In the limited time remaining I would now like to comment on a number of key issues relating to the implementation of the Hague Convention and its Protocols.
The original 1954 “Cultural Property under Special Protection” provisions for the most outstanding cultural property remains available should any State wish to seek such designations, even though as we now know it has never worked properly for a number of reasons identified in numerous studies. Only one cultural site, Vatican City, has been designated in 50 years, together with half a dozen or so wartime emergency refuges and shelters to which movable cultural property would be moved when war is threatened. At the height of the conflicts in Cambodia there was a proposal for the designation of the Angkor temples complex under the Special Protection regime, but this was blocked through the lack of unanimous support from States Parties, though the objections were essentially political (refusals to recognise the then Cambodian government) rather than for any valid cultural or military reason.
To deal with the identified problems, and in order to avoid a repeat of the Angkor case, the 1999 Diplomatic Conference adopted a new system of “Enhanced Protection”, which will be granted by the new Committee subject to a four-firths majority, not the unanimous approval of every single State Party required for Special Protection under the 1954 provisions. All the indications are that using the new criteria and procedures far more examples of the world’s most important cultural property will be submitted for Enhanced Protection designation.
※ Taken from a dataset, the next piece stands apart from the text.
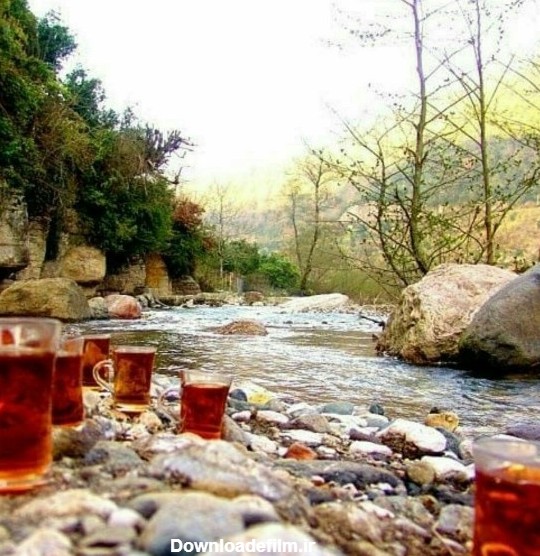 آخرین خبر | از شما/خوردن چاي اتيشي در طبيعت زيباي مازندران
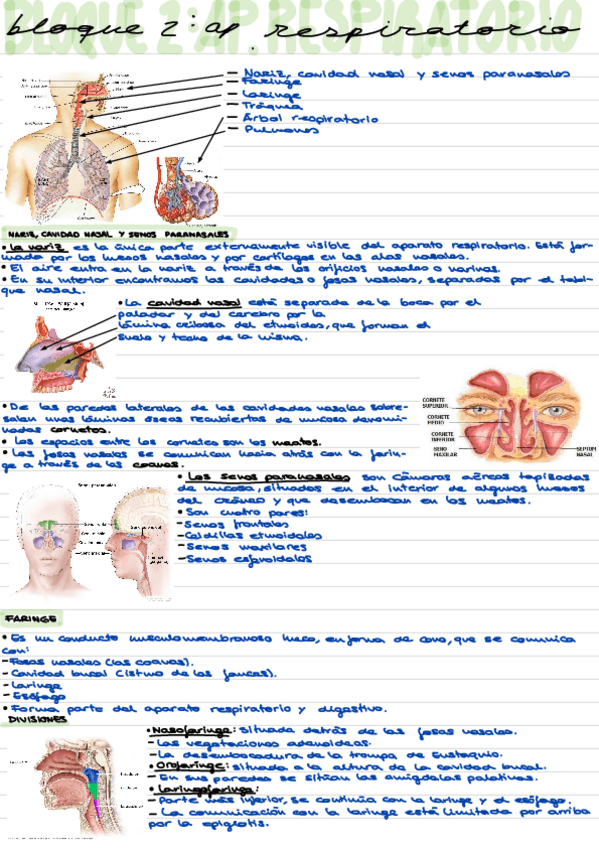 Miniatura del documento Ap.-Respiratorio.pdf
Another important issue is to make the terms and scope of the Hague Convention better known and understood. It has to be said that it seems to be widely believed that the scope of the Hague Convention is basically the same as that of the 1972 World Heritage Convention, i.e. that it covers only monuments, sites and buildings. In fact, the definition of “cultural property” protected by the Hague Convention is far wider, covering all significant objects and collections of movable cultural property, such as works of art, antiquities, natural history, science and technology collections, and archive and library collections. In fact, the Hague Convention equally protects buildings and institutions dedicated to the collecting and care of movable cultural property, such as museums, art galleries, libraries and archive repositories. Further, the buildings and sites of such cultural institutions are equally eligible for Enhanced Protection if the Second Protocol intergovernmental Committee considers their collections to be of sufficiently high importance.
However, it has to be stressed that each proposal for Enhanced Protection must be assessed not only for its great cultural importance but also for its military implications. In particular there must be a sufficient separation from any potential legitimate military target or objective. I am very enthusiastic about the World Heritage Convention, but there is no way that all cultural World Heritage sites can be automatically granted Enhanced Protection. If the new Second Protocol Committee simply adopted a World Heritage designation without a proper assessment of the military implications this would gravely damage the credibility of the whole system.
If the World Heritage Committee ever made an unwise or unjustified World Heritage Inscription, the only damage would be to the credibility of the Convention and the World List. In contrast with this, an Enhanced Protection designation that did not take proper account of potential military conflicts, e.g. there was a insufficient separation distance from a military or military-economic establishment, then military personnel and their political direction will face potentially very severe penalties for war crimes. I am therefore strongly against the suggestion, made a number of times over recent years, that a World Heritage List Inscription should more or less automatically lead to the award of Enhanced Protection.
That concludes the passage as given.